A memória dos Nightmares in Wax abre assim uma história que, discograficamente, reflete sinais de evolução rumo a descobertas recentes do próprio Pete Burns, que se deixa fascinar pelos sons que escuta entre discos de Sylvester ou Patrick Cowley que encontra nas pistas de dança e que o levam a procurar outros caminhos para lá do que havia experimentado na banda que, depois do EP de 1980, conhece convulsões internas que ditam o seu desmembramento. E então, ainda com Martin Healy, mas agora contando com Sue James (baixo), Adrian Mitchley (guitarra) e Joe Musker (bateria), começa a ensaiar novas canções.
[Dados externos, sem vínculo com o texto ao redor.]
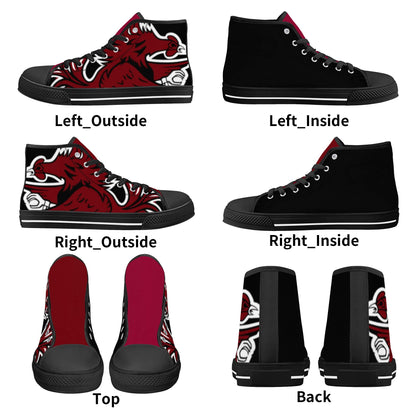 University of South Carolina Gamecocks - Massive Logo / Black - Mens High Top Canvas Shoes - Garnet Tongue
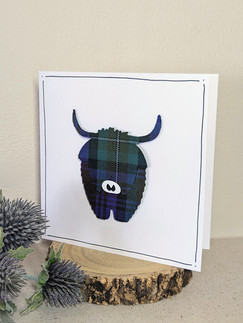 Henrietta Coo as a greetings card with detachable Isle of Skye Tartan fridge magnet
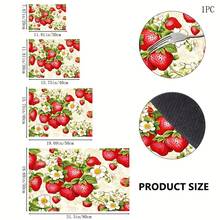 1pc Red Strawberry & White Floral Kitchen Drain Mat Table Mat, Fruit & Plant Print Dining Table Mat Coffee Table Mat, Country Farmhouse Style Desktop Decor Mat, Spring & Summer Kitchen Dining Home Decor - Multicolor - View 7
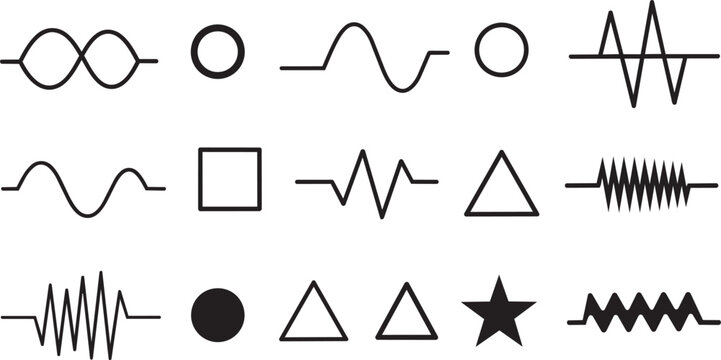 Black geometric shapes and waveform line collection on white background waveform lines circle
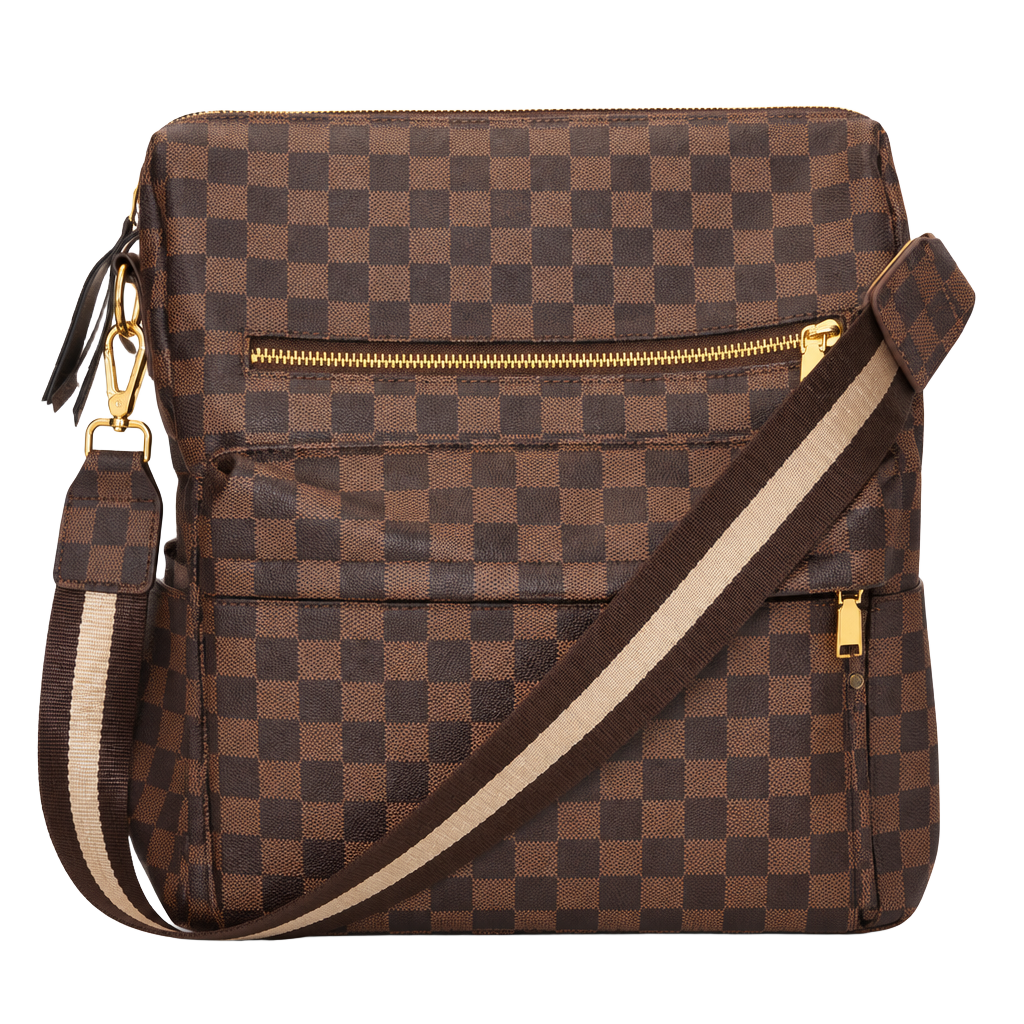 Checkered PU Backpack Brown Tassel Shoulder Bag 1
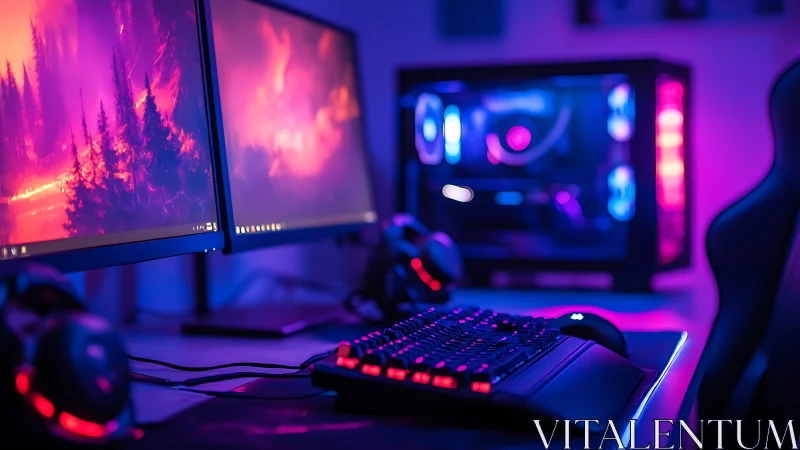 Neon gaming command center glowing in cyberdream colors.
Inicialmente respondem como No Self Control até que, nas vésperas de editar um single de estreia, mudam de nome para Dead or Alive. “I’m Falling” abre, em 1980, um quarteto de edições a 45 rotações que acompanham uma série de transformações internas na banda, que em 1981 acolhe o guitarrista Wayne Hussey (futura voz dos The Mission), assim como assiste às progressivas chegadas de Mike Percy (baixo e guitarra), Steve Coy (bateria) e, mais adiante, Tim Lever, que formariam com Pete Burns o quarteto que registaria os três álbuns mais marcantes da obra dos Dead Or Alive: “Sophisticated Boom Boom” (1984), “Youthquake” (1984) “Mad Bad and Dangerous to Know” (1987).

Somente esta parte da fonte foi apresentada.